Pendant ce temps, près de Lugano, les travaux viennent de commencer sur le site de la villa Romantica de Melide, démolie malgré sa valeur architecturale, pour faire place à des appartements de luxe. L’ombre de l’argent kazakh plane sur ce chantier qui met le Tessin en émoi. En 2010, la RTS dévoile les dessous de l’affaire: l’acquisition de la villa Romantica a été réalisée par un homme de paille de Timur Kulibaye, magnat du pétrole, devenu milliardaire lorsqu’il dirigeait KazTransOil, la compagnie publique kazakhe des oléoducs, et... mari de Dinara Kulibayeva, fille du président Nazarbaiëv.

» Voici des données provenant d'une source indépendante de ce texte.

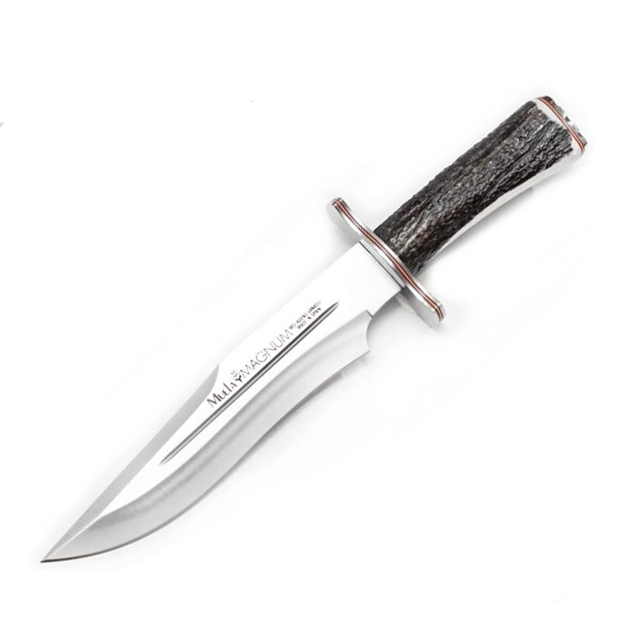 Cuchillo bowie Magnum 23To con mango de asta de ciervo y hoja de ...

Après s’être installée en 2007 au Tessin, en qualité de directrice commerciale de la société Viled International SA (enregistrée peu avant à Paradiso), Dinara Kulibayeva met le cap en 2009 pour Genève. Elle y fait l’acquisition, pour 74,7 millions de francs, d’une somptueuse propriété au bord du lac à Anières. Les dessous de cette transaction record ont fait couler beaucoup d’encre, les autorités genevoises ayant donné le feu vert à l’achat d’une surface de 7960 m2, soit largement au-dessus du plafond de 3000 m2 fixé pour les citoyens non-européens.

La RTS détaille le montage financier, via un circuit off-shore, qui aboutit au rachat de la ville Romantica pour un montant de 8,5 millions de francs. Et dévoile le rôle de la société Stott Limited, basée à Tortola, aux Îles Vierges britanniques, dont le représentant au Tessin était l’homme d’affaires d’origine kosovare Behjet Pacolli. Ce dernier se retirera des entités financières placées derrière ce rachat, en démentant sans relâche que Timur et Dinara Kulibaye soient à la manœuvre. Mais ses étroites relations avec le pouvoir kazakh affaiblissent la crédibilité de ce démenti.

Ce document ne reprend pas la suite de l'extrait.